Imam al-Syafi’i: Pembela Sunnah Nabi
alawysyihab
01.53
0
Imam al-Syafi’i: Pembela Sunnah Nabi
Nama dan Nasab
Nama aslinya adalah Muhammad. Berikut ini nasab lengkap al-Syafi`i:
Muhammad bin Idris bin al-`Abbas bin ‘Utsman bin Syafi’ bin as-Saib bin
‘Ubayd bin ‘Abdu Zayd bin Hasyim bin al-Muththalib bin ‘Abdu Manaf bin
Qushay. Nasab al-Syafi`i bertemu dengan nasab Rasulullah pada diri ‘Abdu
Manaf bin Qushay. Dengan begitu, al-Syafi`i masih termasuk sanak
kandung Rasulullah karena masih terhitung keturunan paman-jauh
al-Syafi`i , yaitu Hasyim bin al-Muththalib.
Ayah al-Syafi`i, Idris, berasal dari daerah
Tibalah (Sebuah daerah di wilayah Tihamah di jalan menuju ke Yaman). Dia
seorang yang tidak berpunya. Awalnya dia tinggal di Madinah lalu
berpindah dan menetap di ‘Asqalan (Kota tepi pantai di wilayah
Palestina) dan akhirnya meninggal dalam keadaan masih muda di sana.
Syafi’, kakek dari kakek al-Syafi`i , -yang namanya menjadi sumber
penisbatan al-Syafi`i (al-Syafi’i)- menurut sebagian ulama adalah
seorang sahabat shigar (muda) Nabi. As-Saib, bapak Syafi’, sendiri
termasuk sahabat kibar (tua) yang memiliki kemiripan fisik dengan Rasulullah shollallahu’alaihiwasallam.

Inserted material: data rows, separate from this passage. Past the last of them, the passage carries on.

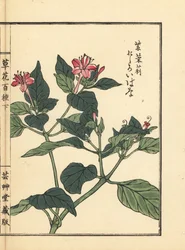 Oshiroibana o meraviglia del Perù, Mirabilis jalapa. Incisione a mano colorata su blocco di legno di Kono Bairei dal libro Kusa Bana Hyakushu (Cento varietà di fiori), Tokyo, Yamada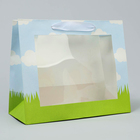 Пакет крафтовый с пластиковым окном «Friends», 24 х 20 х 11 см 7167122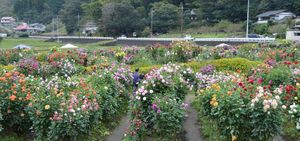 ダリア500種 華麗に もてぎの森 見頃 地域の話題 県内主要 下野新聞 Soon ニュース 下野新聞 Soon スーン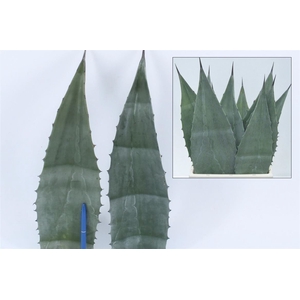 Agave Americana Blue 45cm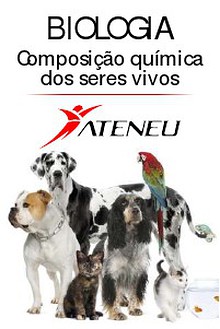 Ateneu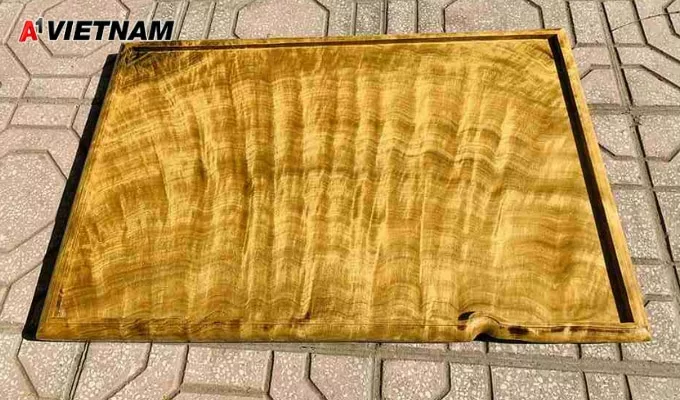 Gỗ dổi là gì? Phân Loại và Báo Giá Mới Nhất 4 go doi 3 jpg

Dia termasuk dalam barisan tokoh musyrikin Quraysy dalam Perang Badar.
Ketika itu dia tertawan lalu menebus sendiri dirinya dan menyatakan
masuk Islam.
Para ahli sejarah dan ulama nasab serta ahli hadis bersepakat bahwa Imam
al-Syafi`i berasal dari keturunan Arab murni. Imam al-Bukhari dan Imam
Muslim telah memberi kesaksian mereka akan kevalidan nasabnya tersebut
dan ketersambungannya dengan nasab Nabi, kemudian mereka membantah
pendapat-pendapat sekelompok orang dari kalangan madzhab Maliki dan
madzhab Hanafi yang menyatakan bahwa Imam al-Syafi`i bukanlah asli
keturunan Quraysy secara nasab, tetapi hanya keturunan secara wala’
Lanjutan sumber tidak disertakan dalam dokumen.